Wines are classified into broad types of red, white, sparkling, sweet, and fortified. Wines also have a name, a vintage (year of release), and a description; descriptions are optional free-form text that are typically a review of the wine similar to that found on the label.
Wines are made with different grape varieties, including Chardonnay, Semillon, Merlot, and so on. A wine can be made of any number of grape varieties, and the ordering of these grape varieties is important. For example, for a wine made of two varieties, Cabernet and Merlot, a Cabernet Merlot is different from a Merlot Cabernet.
Users may browse wines at the winestore by broad type (red, white, and so on) or wine region.
Wines are produced by one winery. Each winery has a name.
Wineries are located in a region. A region is an area (for example, the Barossa Valley in South Australia).
A shopping cart is an order that isn't yet associated with a customer. Each order contains items. It can be converted to a completed order after the user logs in.
Each item in an order is for a particular wine, a quantity of that wine to be purchased, and a price per bottle. The price of the wine is always the cheapest available inventory price.
The quantities of wines in the shopping cart can be updated by the user, and items can be removed from the shopping cart by setting their quantity to zero.
The wines available for sale are stored in an inventory. Each inventory record is unique to a particular wine. The inventory record contains the arrival date of the stock, the quantity available, and a per-bottle price. There can be several inventory records for a wine, representing different shipments that arrived at the winestore on different dates or that have a different price.
The user will always be given the lowest advertised prices for each wine. When a user adds a wine to her shopping cart, she is guaranteed this price.
A user can purchase only wines that are in stock.

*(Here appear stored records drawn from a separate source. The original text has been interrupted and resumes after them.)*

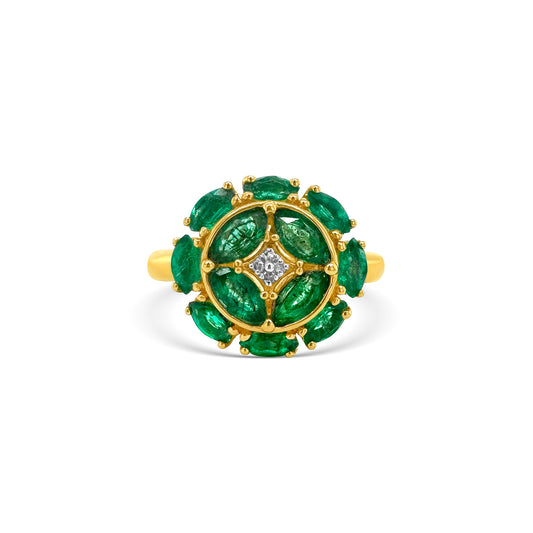  A Marquise Cut Emerald and Diamond Ring, showcasing the vibrant green of the emerald against the sparkle of the diamonds, perfect for adding elegance and sophistication to any ensemble, an exquisite piece of jewelry that exudes timeless beauty and luxury.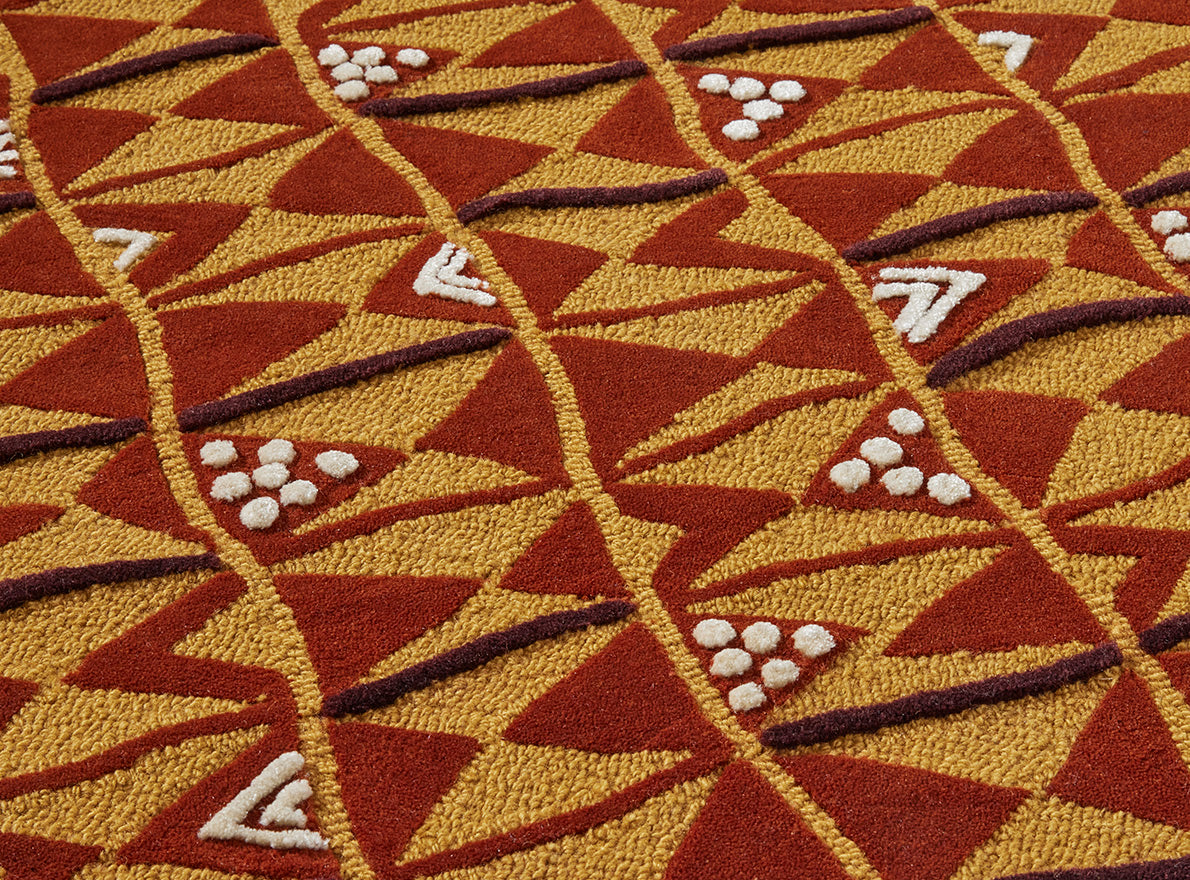 Benin Laine Rug by Le Manach shown in a room setting (view 1)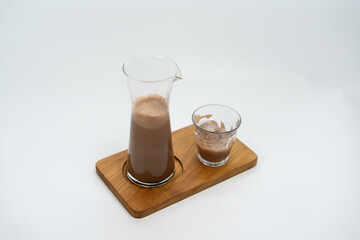 Iced Chocolate served in a clear glass isolated on white background.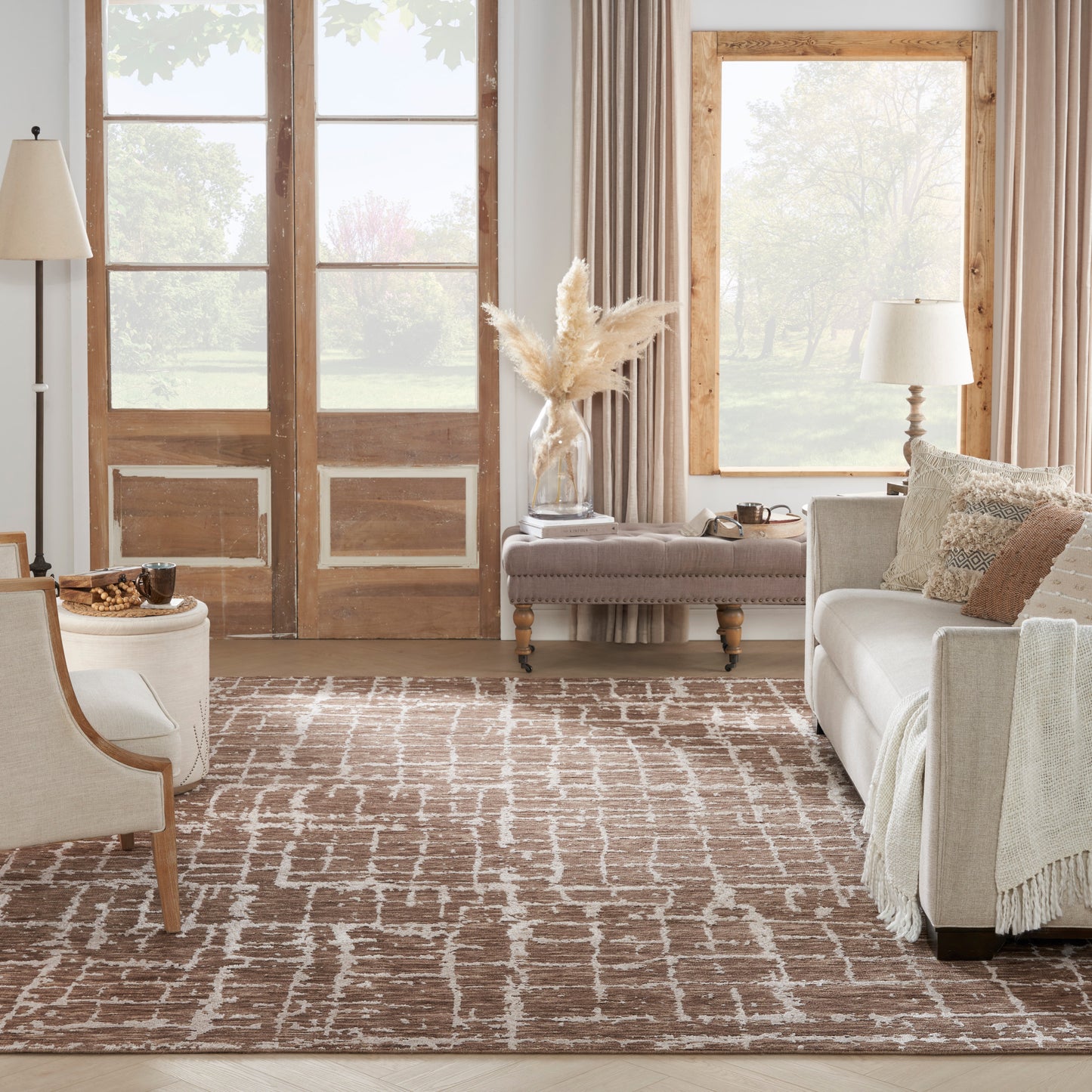 Cozy living room with beige sofa and pillows, wood-framed doors and large window, brown patterned rug, and pampas grass vase on an ottoman.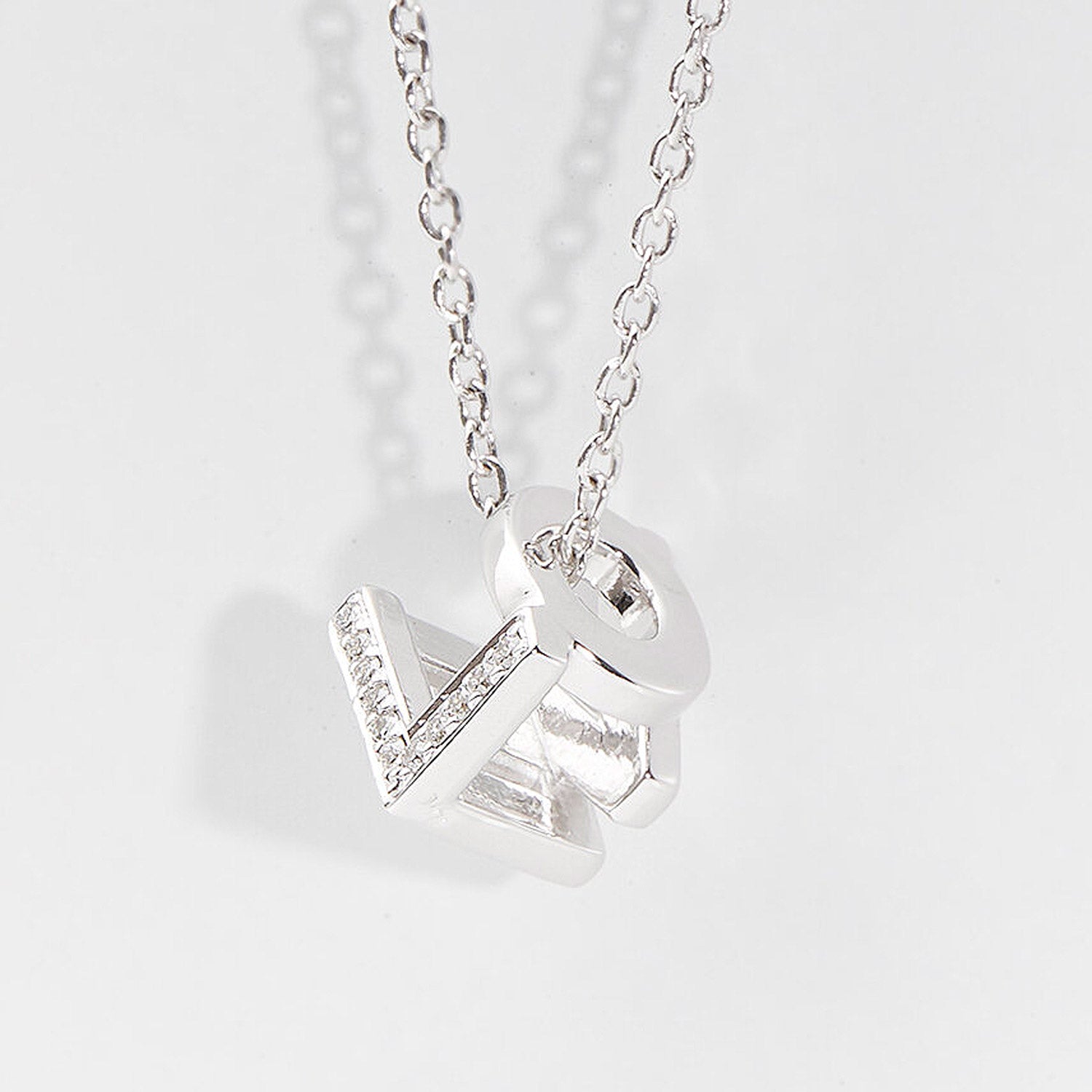 Bespoke Initial Cube Pendant Necklace featuring a love 3D cube design with initial L, O, V and E, suspended from a fine white gold trace chain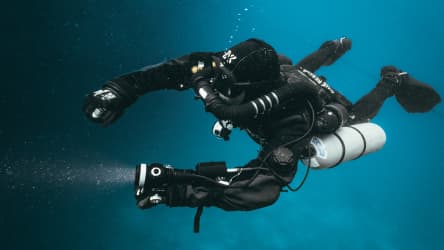 Koh tao divers CCR diver exploring underwater environment with KISS Sidewinder rebreather system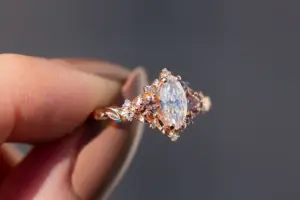 briar rose three stone with marquise moissanite and pink sapphire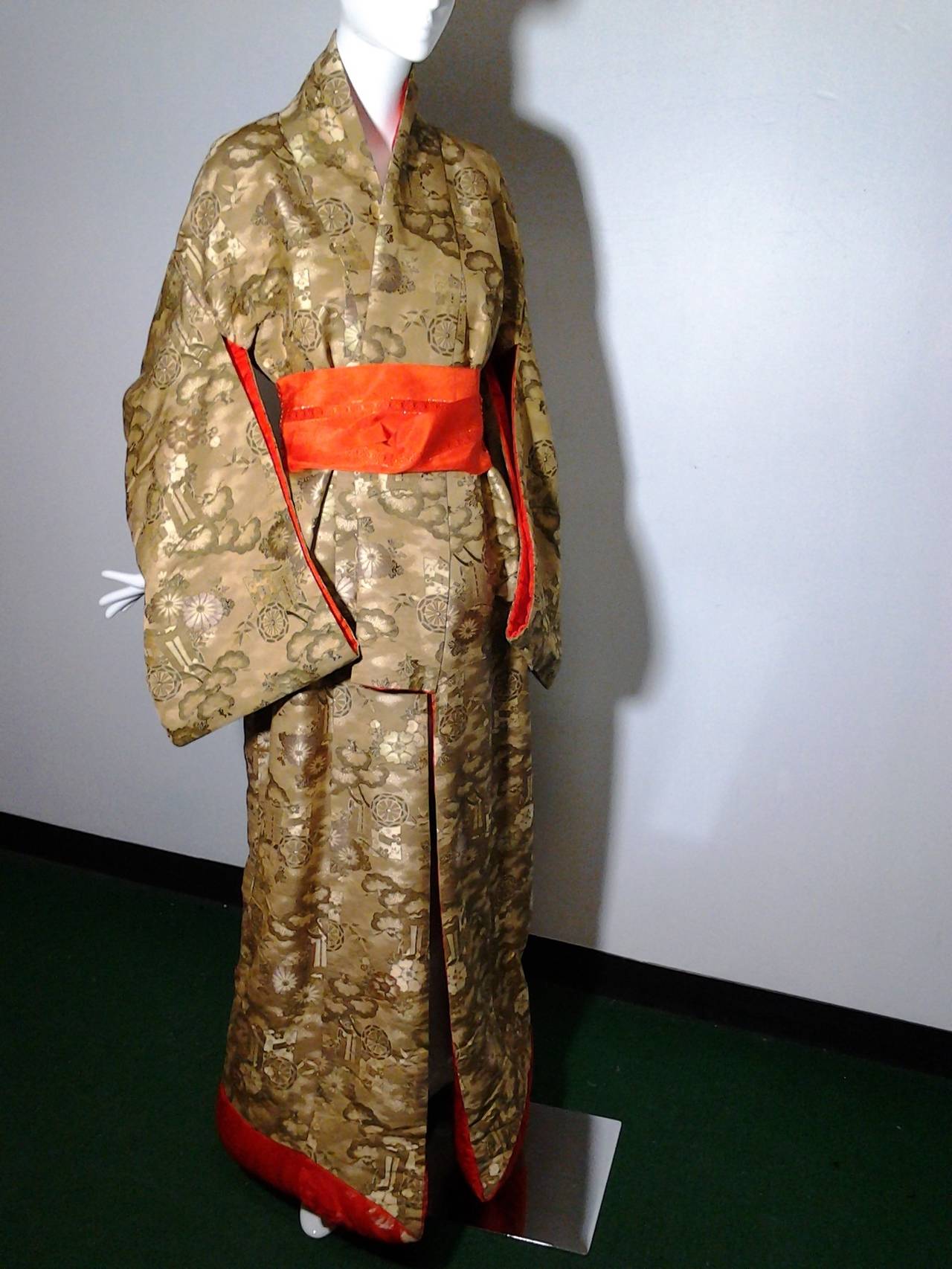 Uchikake (打掛) is a highly formal kimono worn only by a bride or at a stage performance. The Uchikake is often heavily brocaded and is supposed to be worn outside the actual kimono and obi, as a sort of coat. It is supposed to trail along the floor,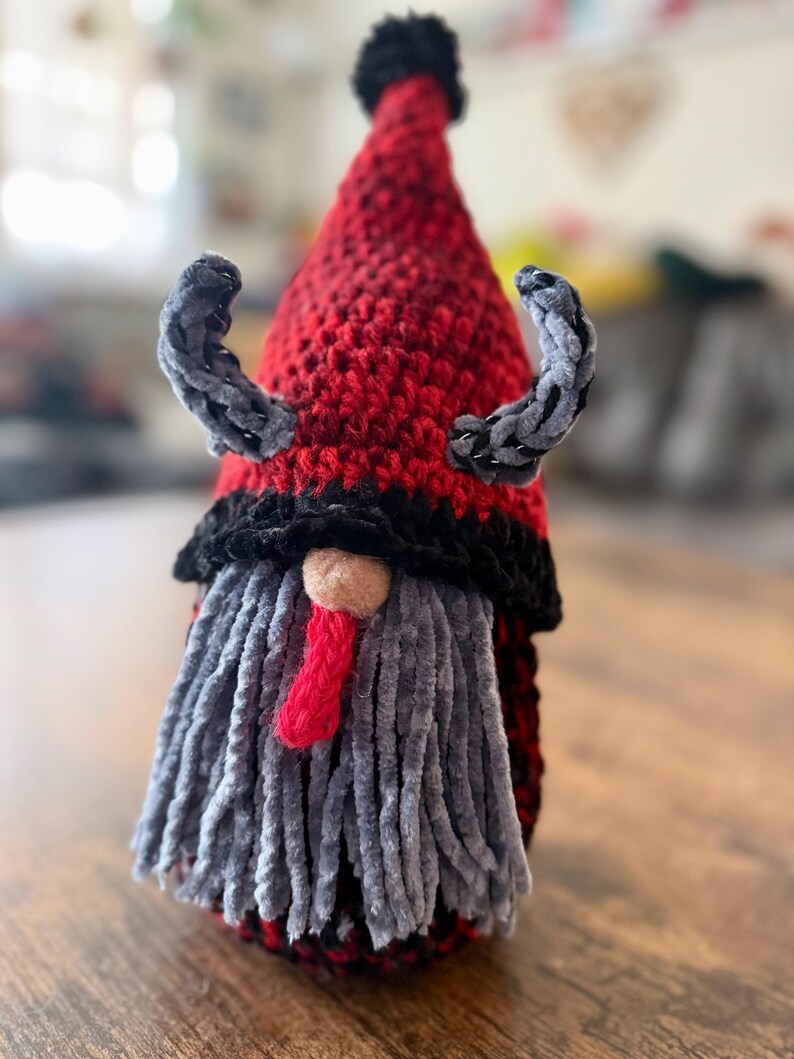 May include: A handmade gnome with a red and black crocheted hat, gray beard, and small gray horns. The gnome has a red tongue and a small tan nose. The gnome is a decorative item.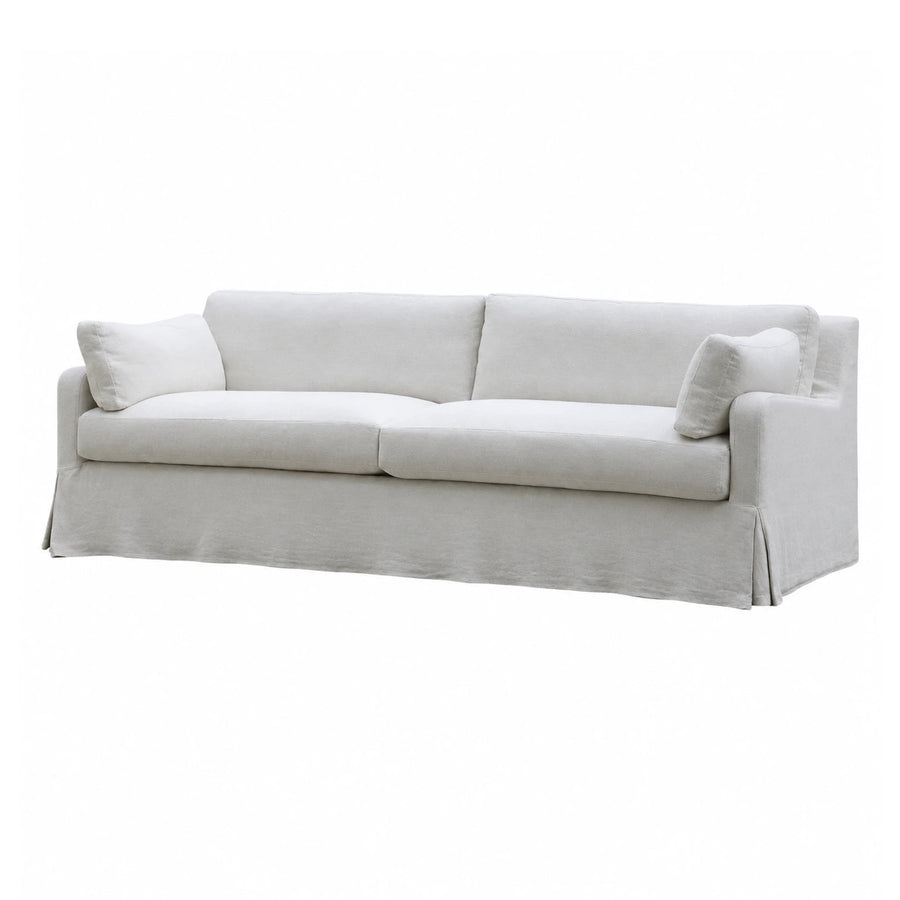 White Fabric Sofa with Skirted Base and Throw Pillows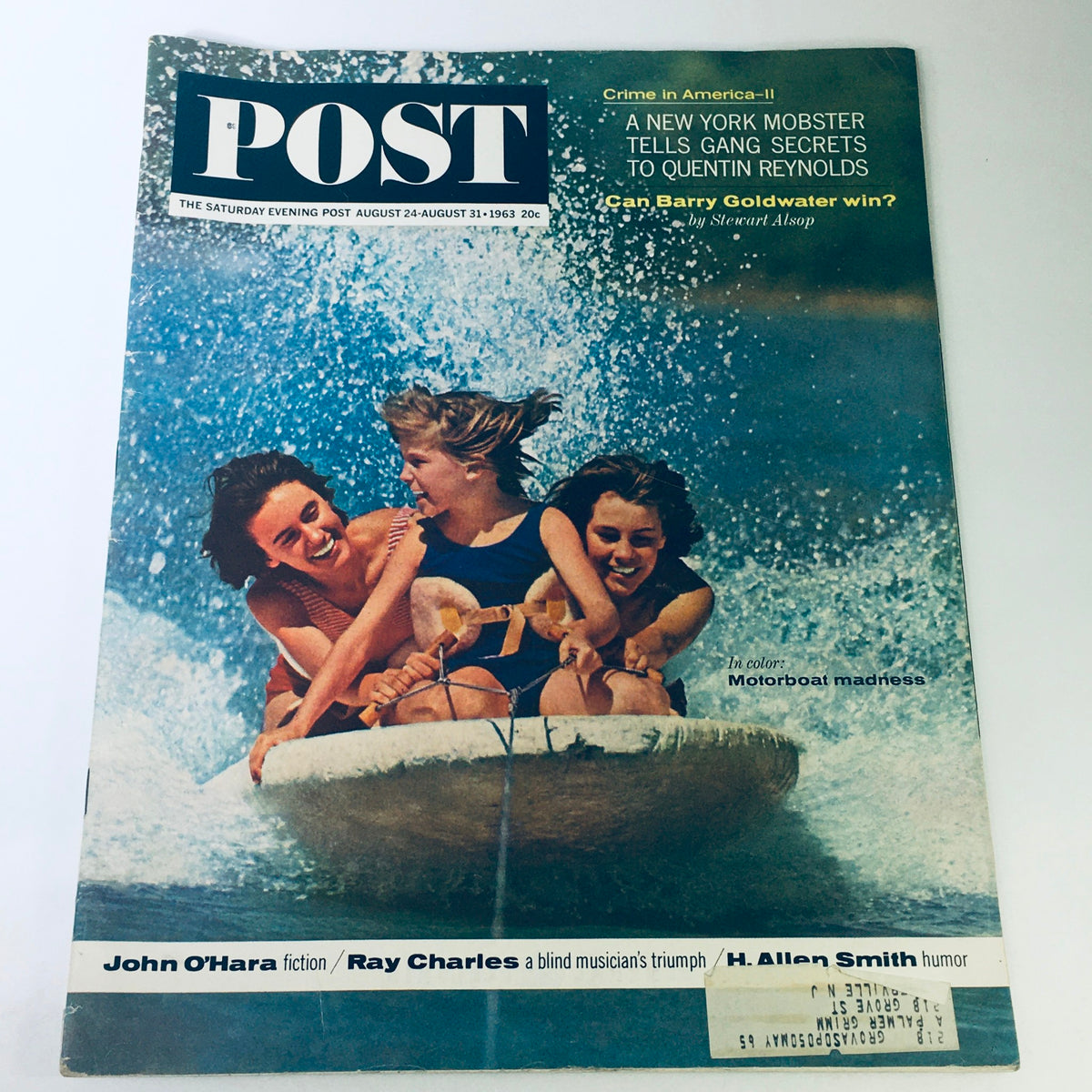 Vintage cover of The Saturday Evening Post from August 24-31, 1963, featuring a vibrant image of three girls enjoying motorboating. Includes articles by John O'Hara and a profile of Ray Charles, showcasing the cultural essence of the early 1960s.
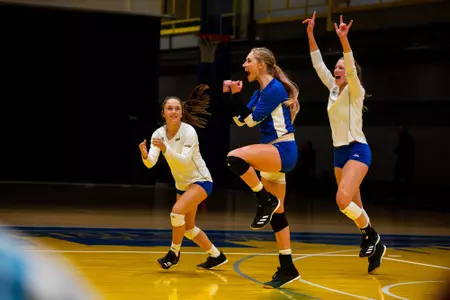Maddie Renn, Alex Ratzlaff and Melanie Brecka Celebrate after an ace against NM State
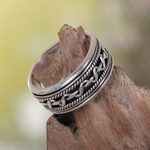 Sterling silver spinner ring, 'Knots' - Artisan Jewelry Sterling Silver Spinner Ring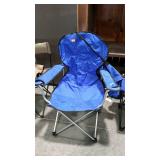 Blue camping chair with cup holders and bag.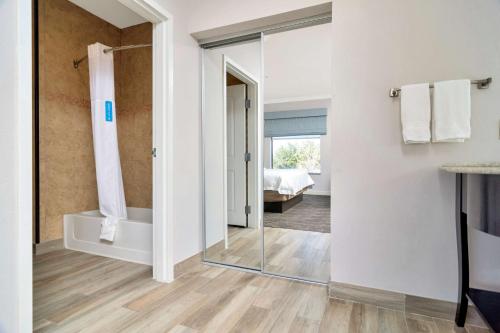 a bathroom with a shower and a glass door at Hampton Inn & Suites Fort Worth-Fossil Creek in Fort Worth
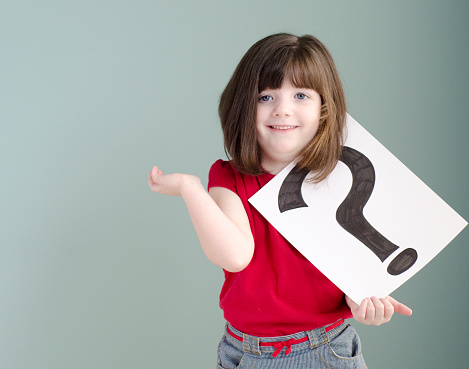little girl looks unsure holding a question mark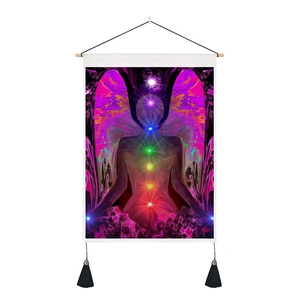 Detail of meditation tapestry with 7 chakras energy points, wooden rod and black tassels
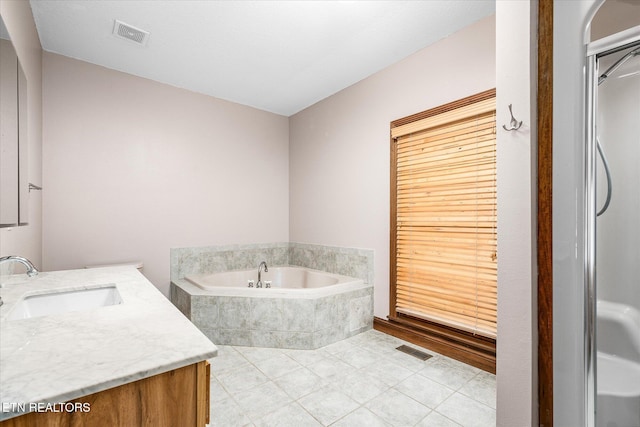 bathroom with a garden tub, tile patterned flooring, visible vents, and vanity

When a user converts his shopping cart to an order, the application checks for sufficient inventory to complete the order. If insufficient wine is available, the user is alerted, and the quantities in the shopping basket are updated; this situation can occur if a user adds more wine to his basket than is available, and this can happen when many users shop for the same wine at the same time.
When sufficient inventory is available to complete an order, the quantity of wine in the inventory is reduced as the order is finalized. The inventory reduced is always the oldest inventory of that wine.
The process of modeling these requirements with relational database entity-relationship (ER) modeling and converting this model to SQL statements is the subject of Appendix E. The winestore ER model can be found in Chapter 5.